Parra Sandoval considera que en Colombia hay dos tendencias polares: “la que plantea que ante la desintegración de los valores que llega con la modernidad, ante la invasión del lenguaje standar de los medios, ante la avalancha de lo visual” busca en el “tesoro literario del pasado” la forma de narrar el presente, o la que busca narrar de forma mucho más abierta “bebiendo en las múltiples maneras de hablar del hombre contemporáneo”. El desafío está entre los que trabajan aprehendiendo nuevos lenguajes y con “una conciencia ilustrada”, revisan el pasado y sus repercusiones en el presente o en el futuro, y los que se ilustran la moda agobiando al lector con el ritmo y la velocidad contemporánea. La escritura del desastre se realiza en una palabra que muestra los desórdenes, justifica la existencia y da  forma a una vida desganada, vacilante y vacía, y la de la memoria reclama compromiso, reflexión, análisis y toma de conciencia.  “Quien tiene en sus manos una nueva visión del mundo tiene también en sus  manos la materia prima para escribir una novela nueva”, dice Parra Sandoval. ¿Cómo competir con la historia?, dice otro Fuentes. ¿Qué hacer con el vacío? Refuta Garcés.
    








[1] El tema, por demás interesante, después de mucho tiempo resulta acorde con el debate mundial sobre los exiliados y sujetos migrantes del mundo contemporáneo. Sobre esto véase: Luz Mary Giraldo (2008). En otro lugar. Migraciones y desplazamientos en la narrativa colombiana contemporánea.
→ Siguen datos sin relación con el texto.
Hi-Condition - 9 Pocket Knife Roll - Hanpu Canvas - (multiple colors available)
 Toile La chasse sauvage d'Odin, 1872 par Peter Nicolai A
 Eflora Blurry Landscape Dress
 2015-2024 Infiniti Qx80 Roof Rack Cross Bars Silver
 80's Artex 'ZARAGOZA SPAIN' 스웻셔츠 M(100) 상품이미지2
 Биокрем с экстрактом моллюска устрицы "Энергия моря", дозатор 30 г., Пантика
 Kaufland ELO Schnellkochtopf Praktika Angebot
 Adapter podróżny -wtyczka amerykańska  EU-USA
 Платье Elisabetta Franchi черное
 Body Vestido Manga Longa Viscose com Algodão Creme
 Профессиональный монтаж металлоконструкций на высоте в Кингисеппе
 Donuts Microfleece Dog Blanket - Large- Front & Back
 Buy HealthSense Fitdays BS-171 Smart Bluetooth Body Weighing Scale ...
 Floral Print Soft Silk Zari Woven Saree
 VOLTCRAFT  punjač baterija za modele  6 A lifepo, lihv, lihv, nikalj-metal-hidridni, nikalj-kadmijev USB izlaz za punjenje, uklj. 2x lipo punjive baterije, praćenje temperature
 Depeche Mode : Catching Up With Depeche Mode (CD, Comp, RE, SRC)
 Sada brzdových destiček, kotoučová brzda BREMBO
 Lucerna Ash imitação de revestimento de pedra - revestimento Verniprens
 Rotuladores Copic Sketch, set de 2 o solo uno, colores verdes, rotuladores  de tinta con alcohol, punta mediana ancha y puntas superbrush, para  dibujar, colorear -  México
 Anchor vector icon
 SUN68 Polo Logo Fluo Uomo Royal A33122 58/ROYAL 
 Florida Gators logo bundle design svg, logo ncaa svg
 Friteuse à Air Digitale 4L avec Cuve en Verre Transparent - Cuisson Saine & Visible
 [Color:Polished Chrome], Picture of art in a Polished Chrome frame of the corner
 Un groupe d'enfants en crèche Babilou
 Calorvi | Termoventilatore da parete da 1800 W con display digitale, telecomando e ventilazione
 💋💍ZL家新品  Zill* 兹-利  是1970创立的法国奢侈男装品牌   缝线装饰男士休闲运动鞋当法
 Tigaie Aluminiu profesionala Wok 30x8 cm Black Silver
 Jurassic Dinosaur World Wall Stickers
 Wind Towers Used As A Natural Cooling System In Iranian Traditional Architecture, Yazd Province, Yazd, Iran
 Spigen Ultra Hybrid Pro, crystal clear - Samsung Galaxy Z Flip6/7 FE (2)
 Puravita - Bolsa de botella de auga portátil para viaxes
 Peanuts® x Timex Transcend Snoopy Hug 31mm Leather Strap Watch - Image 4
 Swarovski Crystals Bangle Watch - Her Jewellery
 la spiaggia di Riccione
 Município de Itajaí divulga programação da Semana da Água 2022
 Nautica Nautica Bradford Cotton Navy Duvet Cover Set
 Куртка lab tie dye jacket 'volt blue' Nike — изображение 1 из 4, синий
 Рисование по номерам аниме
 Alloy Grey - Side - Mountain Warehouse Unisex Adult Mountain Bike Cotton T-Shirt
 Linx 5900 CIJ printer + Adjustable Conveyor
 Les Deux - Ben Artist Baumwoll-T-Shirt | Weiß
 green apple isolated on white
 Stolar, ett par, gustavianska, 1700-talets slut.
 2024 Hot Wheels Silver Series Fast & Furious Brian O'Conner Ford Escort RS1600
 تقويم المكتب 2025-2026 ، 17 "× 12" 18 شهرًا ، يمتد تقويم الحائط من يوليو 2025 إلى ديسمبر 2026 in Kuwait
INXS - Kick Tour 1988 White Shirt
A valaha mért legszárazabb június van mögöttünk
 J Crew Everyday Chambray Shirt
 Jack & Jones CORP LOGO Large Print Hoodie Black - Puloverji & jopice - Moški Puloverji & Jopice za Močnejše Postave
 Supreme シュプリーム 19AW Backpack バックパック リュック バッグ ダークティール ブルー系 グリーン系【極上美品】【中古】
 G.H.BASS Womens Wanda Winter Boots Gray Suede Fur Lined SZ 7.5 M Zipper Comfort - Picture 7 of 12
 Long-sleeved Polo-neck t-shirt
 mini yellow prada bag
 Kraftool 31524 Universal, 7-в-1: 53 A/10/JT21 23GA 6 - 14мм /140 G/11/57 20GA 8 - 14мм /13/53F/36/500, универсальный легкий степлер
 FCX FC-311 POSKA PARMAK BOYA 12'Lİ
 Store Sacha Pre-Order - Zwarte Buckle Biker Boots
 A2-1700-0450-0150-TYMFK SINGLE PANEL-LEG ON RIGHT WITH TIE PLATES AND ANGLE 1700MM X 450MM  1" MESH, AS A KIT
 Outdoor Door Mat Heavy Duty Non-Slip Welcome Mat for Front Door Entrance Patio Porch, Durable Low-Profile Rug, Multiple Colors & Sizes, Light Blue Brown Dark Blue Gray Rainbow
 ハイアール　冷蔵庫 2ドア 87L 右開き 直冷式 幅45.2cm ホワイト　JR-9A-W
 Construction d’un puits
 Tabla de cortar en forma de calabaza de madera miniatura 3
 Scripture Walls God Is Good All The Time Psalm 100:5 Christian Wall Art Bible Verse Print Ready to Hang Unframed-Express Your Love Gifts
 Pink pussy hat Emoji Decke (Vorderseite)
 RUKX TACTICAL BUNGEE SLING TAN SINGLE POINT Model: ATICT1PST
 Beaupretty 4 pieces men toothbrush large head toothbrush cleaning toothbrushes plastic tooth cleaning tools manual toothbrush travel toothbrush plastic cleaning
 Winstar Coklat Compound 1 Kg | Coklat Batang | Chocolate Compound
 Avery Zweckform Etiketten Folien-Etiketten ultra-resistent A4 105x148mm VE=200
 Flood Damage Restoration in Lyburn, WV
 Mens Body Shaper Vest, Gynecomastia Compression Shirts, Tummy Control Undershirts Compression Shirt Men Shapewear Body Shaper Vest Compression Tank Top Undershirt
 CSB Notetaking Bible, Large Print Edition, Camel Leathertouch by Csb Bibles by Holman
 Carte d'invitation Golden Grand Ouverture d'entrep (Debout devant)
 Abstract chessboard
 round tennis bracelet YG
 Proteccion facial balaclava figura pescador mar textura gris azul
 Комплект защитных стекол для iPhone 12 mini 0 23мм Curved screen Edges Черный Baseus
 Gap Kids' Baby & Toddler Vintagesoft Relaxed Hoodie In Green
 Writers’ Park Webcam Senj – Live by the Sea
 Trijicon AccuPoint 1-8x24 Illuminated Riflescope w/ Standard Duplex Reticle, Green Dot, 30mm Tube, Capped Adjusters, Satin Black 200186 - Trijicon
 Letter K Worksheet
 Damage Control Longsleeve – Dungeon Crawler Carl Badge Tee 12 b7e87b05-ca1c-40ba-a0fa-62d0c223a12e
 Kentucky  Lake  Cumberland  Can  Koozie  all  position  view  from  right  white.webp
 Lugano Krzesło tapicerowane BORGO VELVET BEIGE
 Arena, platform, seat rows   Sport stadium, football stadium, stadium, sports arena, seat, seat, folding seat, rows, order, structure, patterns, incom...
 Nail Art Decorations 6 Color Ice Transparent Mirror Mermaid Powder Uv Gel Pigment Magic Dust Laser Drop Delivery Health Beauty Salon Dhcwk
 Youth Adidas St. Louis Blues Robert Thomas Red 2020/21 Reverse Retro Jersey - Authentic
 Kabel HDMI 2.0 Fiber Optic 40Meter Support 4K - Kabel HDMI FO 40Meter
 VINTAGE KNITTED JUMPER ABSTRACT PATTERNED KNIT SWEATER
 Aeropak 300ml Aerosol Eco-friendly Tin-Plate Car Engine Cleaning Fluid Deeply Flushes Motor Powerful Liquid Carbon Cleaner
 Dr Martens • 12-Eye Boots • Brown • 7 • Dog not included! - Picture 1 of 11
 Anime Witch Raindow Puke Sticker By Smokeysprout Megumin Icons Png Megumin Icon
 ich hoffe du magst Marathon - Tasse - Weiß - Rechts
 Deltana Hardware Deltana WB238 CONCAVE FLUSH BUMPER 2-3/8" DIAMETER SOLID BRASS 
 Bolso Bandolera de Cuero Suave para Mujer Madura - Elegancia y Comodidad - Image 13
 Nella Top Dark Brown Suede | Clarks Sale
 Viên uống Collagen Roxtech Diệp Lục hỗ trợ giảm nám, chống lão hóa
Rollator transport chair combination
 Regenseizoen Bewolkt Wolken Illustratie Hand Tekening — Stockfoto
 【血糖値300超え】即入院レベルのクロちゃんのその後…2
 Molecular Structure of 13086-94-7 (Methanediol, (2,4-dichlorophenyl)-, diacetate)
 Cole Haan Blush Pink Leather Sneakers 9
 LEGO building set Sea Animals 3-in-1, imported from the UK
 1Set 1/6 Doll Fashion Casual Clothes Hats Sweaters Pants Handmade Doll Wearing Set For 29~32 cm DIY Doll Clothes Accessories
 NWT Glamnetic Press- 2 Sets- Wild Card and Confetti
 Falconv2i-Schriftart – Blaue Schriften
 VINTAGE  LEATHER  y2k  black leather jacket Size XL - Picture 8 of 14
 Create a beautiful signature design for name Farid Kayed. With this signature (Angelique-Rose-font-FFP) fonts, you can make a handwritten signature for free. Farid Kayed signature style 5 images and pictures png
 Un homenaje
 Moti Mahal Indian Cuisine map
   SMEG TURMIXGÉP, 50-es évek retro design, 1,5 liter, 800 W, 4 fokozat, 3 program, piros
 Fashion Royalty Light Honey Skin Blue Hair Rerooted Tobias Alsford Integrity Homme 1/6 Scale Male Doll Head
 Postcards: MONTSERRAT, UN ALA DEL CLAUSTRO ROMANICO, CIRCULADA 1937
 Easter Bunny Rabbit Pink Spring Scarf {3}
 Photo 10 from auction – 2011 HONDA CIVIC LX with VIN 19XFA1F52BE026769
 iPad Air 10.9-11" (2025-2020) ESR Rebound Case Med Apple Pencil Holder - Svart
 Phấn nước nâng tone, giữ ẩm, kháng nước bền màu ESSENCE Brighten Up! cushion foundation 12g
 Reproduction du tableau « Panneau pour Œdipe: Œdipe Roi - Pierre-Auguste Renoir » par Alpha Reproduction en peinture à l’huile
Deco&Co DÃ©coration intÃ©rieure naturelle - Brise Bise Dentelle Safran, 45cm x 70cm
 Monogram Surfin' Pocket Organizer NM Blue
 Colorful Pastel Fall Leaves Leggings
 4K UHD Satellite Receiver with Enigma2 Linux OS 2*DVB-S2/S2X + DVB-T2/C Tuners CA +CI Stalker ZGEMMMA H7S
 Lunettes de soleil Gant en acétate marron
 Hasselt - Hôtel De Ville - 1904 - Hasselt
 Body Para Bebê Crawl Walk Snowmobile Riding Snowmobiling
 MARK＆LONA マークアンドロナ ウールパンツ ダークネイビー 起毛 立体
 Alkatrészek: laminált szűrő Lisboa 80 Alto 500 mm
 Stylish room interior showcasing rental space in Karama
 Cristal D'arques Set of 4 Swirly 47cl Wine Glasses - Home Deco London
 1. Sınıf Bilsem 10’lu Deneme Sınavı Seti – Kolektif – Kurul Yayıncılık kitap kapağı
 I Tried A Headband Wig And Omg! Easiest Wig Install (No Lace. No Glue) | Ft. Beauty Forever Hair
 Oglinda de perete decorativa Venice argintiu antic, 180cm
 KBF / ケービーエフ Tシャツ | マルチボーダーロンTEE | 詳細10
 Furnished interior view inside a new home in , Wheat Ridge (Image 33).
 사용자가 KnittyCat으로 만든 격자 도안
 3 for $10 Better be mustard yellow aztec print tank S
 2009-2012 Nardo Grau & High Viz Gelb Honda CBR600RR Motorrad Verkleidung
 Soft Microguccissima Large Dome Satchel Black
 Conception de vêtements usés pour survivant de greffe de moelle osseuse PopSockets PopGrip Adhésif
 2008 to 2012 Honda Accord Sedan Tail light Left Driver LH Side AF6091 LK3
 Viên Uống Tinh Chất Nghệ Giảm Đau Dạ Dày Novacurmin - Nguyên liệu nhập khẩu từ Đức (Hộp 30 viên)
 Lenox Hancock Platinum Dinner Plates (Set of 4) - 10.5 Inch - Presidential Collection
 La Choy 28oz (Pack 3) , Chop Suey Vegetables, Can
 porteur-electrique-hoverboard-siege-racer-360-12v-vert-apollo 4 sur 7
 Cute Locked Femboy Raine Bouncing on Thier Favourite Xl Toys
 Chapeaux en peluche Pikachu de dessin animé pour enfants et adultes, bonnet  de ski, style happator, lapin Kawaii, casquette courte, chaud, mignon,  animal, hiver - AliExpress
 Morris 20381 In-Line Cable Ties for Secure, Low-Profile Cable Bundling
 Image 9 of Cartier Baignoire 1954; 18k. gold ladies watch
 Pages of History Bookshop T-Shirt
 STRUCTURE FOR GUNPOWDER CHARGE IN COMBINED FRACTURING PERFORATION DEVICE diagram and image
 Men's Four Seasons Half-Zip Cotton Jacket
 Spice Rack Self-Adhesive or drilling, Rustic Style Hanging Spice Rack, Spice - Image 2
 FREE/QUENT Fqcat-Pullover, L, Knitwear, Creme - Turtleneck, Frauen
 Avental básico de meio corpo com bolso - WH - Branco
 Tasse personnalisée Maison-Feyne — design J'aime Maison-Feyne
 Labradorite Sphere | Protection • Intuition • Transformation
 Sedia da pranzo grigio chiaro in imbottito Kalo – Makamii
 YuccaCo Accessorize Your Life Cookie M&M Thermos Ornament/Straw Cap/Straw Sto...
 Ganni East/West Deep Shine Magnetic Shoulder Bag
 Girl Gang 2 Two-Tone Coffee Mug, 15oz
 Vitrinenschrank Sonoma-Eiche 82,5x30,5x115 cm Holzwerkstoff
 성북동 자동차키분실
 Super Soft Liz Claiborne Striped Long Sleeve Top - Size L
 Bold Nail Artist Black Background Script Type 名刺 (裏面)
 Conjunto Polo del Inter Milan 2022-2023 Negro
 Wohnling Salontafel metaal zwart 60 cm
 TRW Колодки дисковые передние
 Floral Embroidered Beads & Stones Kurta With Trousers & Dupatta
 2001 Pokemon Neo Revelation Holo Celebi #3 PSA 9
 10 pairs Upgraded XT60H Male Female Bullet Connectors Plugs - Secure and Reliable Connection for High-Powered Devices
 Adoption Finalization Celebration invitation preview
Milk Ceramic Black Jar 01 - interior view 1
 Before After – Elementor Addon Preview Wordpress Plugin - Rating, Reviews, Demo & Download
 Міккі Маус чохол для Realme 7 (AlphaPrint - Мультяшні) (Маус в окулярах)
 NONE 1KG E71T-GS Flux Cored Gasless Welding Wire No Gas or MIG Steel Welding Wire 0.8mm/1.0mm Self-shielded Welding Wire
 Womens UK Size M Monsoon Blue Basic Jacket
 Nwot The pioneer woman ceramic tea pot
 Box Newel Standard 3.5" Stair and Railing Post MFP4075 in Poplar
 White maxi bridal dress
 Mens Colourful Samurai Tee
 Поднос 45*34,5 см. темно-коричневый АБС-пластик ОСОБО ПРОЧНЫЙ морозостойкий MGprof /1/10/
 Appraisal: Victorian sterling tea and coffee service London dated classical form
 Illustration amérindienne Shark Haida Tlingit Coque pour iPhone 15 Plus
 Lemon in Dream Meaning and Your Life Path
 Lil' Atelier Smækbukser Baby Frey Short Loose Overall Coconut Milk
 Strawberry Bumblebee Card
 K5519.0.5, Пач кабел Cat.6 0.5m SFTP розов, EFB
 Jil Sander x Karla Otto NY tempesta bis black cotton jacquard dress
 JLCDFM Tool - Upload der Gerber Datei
Bogotá: Editorial Universidad Javeriana.
[2] Es de tener en cuenta que la presencia de estos narradores coincide con los que en poesía integraron la llamada Generación sin nombre, a la que con el paso del tiempo se adicionan autores, por considerar tanto la apertura de sus propuestas como las coincidencias generacionales (José Luís Díaz Granados, Henry Luque Muñoz, Augusto Pinilla, Álvaro Miranda, Juan Gustavo Cobo Borda, Darío Jaramillo Agudelo, María Mercedes Carranza, Elkin Restrepo…).